§ **WORK ORDER**
Find every line of the listing below where "Dark" appears, and copy it.

§ **INPUT MATERIAL**
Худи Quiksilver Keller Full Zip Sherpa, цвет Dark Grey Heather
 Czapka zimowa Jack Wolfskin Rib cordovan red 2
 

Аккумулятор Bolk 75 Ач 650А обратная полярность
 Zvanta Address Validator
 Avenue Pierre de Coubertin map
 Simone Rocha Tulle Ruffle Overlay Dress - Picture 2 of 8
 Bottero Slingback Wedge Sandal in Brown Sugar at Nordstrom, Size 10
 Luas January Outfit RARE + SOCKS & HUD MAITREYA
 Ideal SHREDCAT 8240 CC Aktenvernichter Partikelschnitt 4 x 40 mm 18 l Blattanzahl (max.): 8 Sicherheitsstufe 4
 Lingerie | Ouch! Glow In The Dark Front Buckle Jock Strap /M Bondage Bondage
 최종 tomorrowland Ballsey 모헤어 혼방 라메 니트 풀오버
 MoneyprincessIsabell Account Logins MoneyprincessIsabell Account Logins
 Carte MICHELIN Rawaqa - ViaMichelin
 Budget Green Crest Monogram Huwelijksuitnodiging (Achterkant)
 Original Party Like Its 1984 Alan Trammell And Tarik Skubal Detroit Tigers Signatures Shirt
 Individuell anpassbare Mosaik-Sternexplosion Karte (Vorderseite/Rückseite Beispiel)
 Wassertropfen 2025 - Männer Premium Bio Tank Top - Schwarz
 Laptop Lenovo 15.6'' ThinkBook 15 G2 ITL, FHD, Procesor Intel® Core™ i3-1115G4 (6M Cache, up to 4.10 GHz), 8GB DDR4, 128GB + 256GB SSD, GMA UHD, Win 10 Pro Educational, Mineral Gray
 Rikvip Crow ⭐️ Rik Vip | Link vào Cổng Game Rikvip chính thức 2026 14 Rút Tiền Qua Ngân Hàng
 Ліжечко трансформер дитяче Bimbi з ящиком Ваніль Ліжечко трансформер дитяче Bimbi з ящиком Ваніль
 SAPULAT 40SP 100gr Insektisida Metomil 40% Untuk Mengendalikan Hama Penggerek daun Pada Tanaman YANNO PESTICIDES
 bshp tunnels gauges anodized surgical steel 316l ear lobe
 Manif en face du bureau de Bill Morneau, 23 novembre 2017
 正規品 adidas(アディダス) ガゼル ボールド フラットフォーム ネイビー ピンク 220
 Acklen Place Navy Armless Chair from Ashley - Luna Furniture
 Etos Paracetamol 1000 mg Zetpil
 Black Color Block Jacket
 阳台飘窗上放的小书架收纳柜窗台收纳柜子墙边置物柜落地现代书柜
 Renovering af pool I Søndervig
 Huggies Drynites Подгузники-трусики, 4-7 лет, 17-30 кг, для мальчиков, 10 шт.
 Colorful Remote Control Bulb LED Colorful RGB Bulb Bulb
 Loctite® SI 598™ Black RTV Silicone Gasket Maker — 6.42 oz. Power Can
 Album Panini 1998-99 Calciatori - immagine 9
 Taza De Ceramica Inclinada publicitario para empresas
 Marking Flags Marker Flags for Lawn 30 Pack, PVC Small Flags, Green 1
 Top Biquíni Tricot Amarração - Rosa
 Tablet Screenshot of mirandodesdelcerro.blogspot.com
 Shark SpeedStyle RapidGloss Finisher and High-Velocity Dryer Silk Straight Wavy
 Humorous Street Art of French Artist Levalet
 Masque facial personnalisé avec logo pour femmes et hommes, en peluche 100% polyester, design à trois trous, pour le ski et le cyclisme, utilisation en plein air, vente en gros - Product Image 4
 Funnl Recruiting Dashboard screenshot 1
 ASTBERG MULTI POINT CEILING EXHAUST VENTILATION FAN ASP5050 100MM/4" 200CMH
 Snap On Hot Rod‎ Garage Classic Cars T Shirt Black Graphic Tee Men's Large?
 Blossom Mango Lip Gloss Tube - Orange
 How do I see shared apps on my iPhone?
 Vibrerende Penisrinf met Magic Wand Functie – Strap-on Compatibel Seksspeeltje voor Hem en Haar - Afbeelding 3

§ **ANSWER BOX**
Худи Quiksilver Keller Full Zip Sherpa, цвет Dark Grey Heather
 Lingerie | Ouch! Glow In The Dark Front Buckle Jock Strap /M Bondage Bondage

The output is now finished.